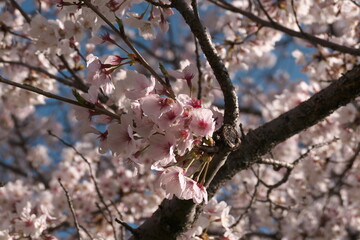 薄いピンクの桜の花のクローズアップ
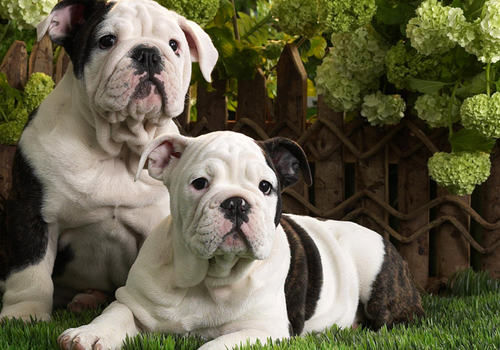 如何应对狗狗因为放纵而引起的攻击性行为 如何应对狗狗因为放纵而引起的攻击性行为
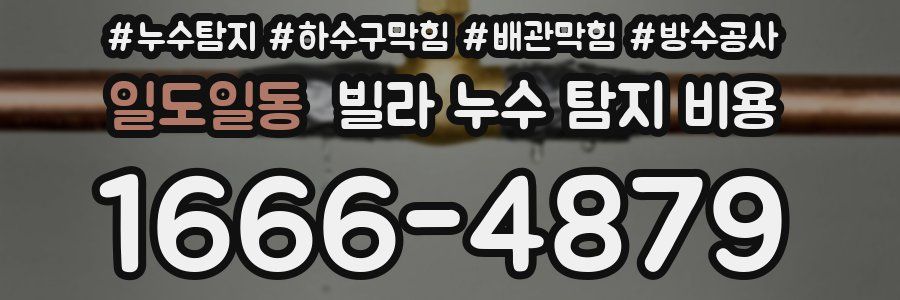 일도일동 빌라 누수 탐지 비용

▸ Aim of the exercise: In the reply, every line of the material above is to be reproduced verbatim, and the images are to be left out.

▸ Solution:
 薄いピンクの桜の花のクローズアップ
 如何应对狗狗因为放纵而引起的攻击性行为 如何应对狗狗因为放纵而引起的攻击性行为
 일도일동 빌라 누수 탐지 비용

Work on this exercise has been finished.